All of the courses within a topic should be taken in the order listed in the curriculum.
The graph below demonstrates how topics should be ordered.
It sounds like your first point could be addressed by simply putting listing the computer science courses first. The very course that you mention, MIT's 6.00.2x is already part of the introduction to computer science group.
On your second point, there are also practical tools and methods courses added:
Data Science Tools & Methods
I'm certainly open to suggestions for changing these courses for other ones, or for adjusting their place in the curriculum.
@waciumawanjohi Thank you for your responses here. I should clarify, I was looking at the current V1 curriculum while developing my comments above. I'll take a closer look to see how these ideas are proposed to be implemented in the V2 and comment further.
Great! It sounds like we're thinking in similar directions.
Can I start my first course from the V2 Curriculum or should I wait a little longer?
@EWCunha I would recommend any student that's starting now use V2.
I have reviewed the proposed CGUPDS curriculum guidelines and the candidate V2. Overall, I like the thrust and structure of the new program and I have no exceptions or recommendations for substantive changes at this time. These are good selections, and seem to fit the curriculum guidelines well.
A couple of comments:
-
The MIT 6.00.1x and 6.00.2x series are great choices for a second-level programming course sequence. You currently recommend that students new to programming complete the Py4E course, and that "students who already know basic programming in any language can skip this course".
-
A common student complaint with the 6.00.1x course is that it doesn't actually teach Python. My experience with 6.00.1x was that the course doesn't focus on building skill with the language, but still expects students to be functionally fluent in Python by the end of Week 2 of the course. For MIT on-campus students, that's probably not too big of an ask. I benefited from having a Python-focused training course before starting 6.00.1x and expect others will too.
-
If the point is to shortcut Py4E, I might recommend the Google Crash Course in Python (on Coursera), which can be done in 30 hours of estimated total time... realizing that might not be shaving much off of Py4E. (Currently, only the end-of-module quizzes are paywalled -- though they do appear to be of good practice value.)
-
If the point is to not overly bore students with information they've likely seen elsewhere, perhaps we can choose some specific sections of Py4E that better focus on teaching the particulars of the language.
-
-
I noticed that the course borrows heavily from both the IBM Data Science Specialization/Certificate programs on Coursera, and the Harvard Data Science Certificate program on EdX, but awards neither certificate.
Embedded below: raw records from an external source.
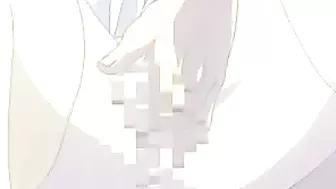 Hentai Virgin Cutie Gets Fingered Wet Pussy and Deep Poked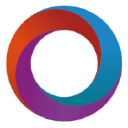 Shared Services Connected logo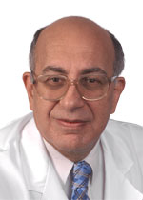 Dr. Andrew Matragrano, MD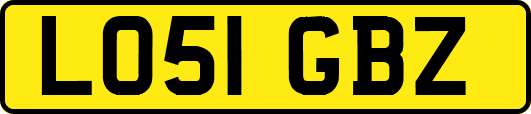 LO51GBZ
Taking the IBM "Databases and SQL For Data Science" course, with the other courses in the curriculum, would complete the IBM Introduction to Data Science Specialization (and grant a certificate).
-
For your Databases section, you do recommend the entirety of the University of Colorado "Data Warehousing for BI" specialization. For that reason, I'm loath to recommend skipping a course there, to emphasize a certificate program elsewhere. And I'm sure we're not interested in duplication of effort... it just seems an unfortunate situation.
-
Maybe it's enough to point out that the Coursera IBM specialization is one course away, and you could go pick it up for extra credit. Maybe we decide that external validation in the form of certificates is totally irrelevant to the point of OSSU, and that's reason enough to leave it as-is.
-
I'd prefer keeping the continuity of the UColorado database courses. You've put a great deal of thought into these course selections and I'm interested to hear your ideas about the database courses.
-
-
I have a general feeling that more of the Data Science coursework could be moved forward in time. But I don't want to create three parallel tracks...the current position is probably better pedagogically. Still, I feel like some of the data science coursework could inform the need / provide the motivation for five courses in data warehousing.
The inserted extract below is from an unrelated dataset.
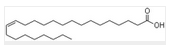 Nervonic Acid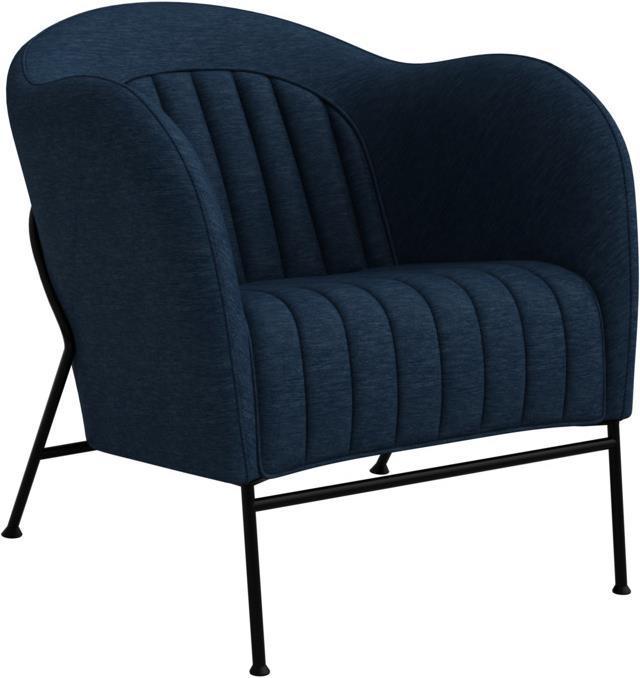 Cat. 2, Elyot 11 Dark Blue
- I don't have a good solution for this. I mostly wanted to see if anybody else felt this way. If it's just me, I'm biased toward accepting the program as-is and letting students stress-test it and see what they think. We can adjust later on if we decide it's necessary.
Close of the Comment Period
Findings:
The proposal does not prepare students to work in Python or Java.
The proposal does not address either a capstone experience, or recommend work in other disciplines.
Response:
We should absolutely give students an approachable onramp for learning the languages of instruction. For Python, it makes sense to use Py4E, which is also the intro to programming class for the CS curriculum. For Java, the U Helsinki course is high quality and free. It has long been part of the CS curriculum's extras pages. The textbook Head First Java was mentioned, but it is not a free text.
CGUPDS makes mention of needing a course in another discipline, but gives this recommendation not even a paragraph of support. It strikes me as similar to a recommendation for a balanced liberal arts education. And while I highly value such an education, that's different from the goal of OSSU. OSSU supports the study of particular domains and leaves the rounding out of other domains as an exercise for the learner.* As such, no work in other disciplines is contained in this revision.
OSSU should recommend how students can undertake a capstone experience. I don't have an answer for this question at the moment. This is left undone. I hope that contributors can propose and discuss options, either in the Issues here or in the OSSU Discord.
Conclusion:
The proposed changes will be merged in with the addition of intro courses for programming in python and java.
...In going to add Py4E to V2, I noticed that it is already in the curriculum. oof.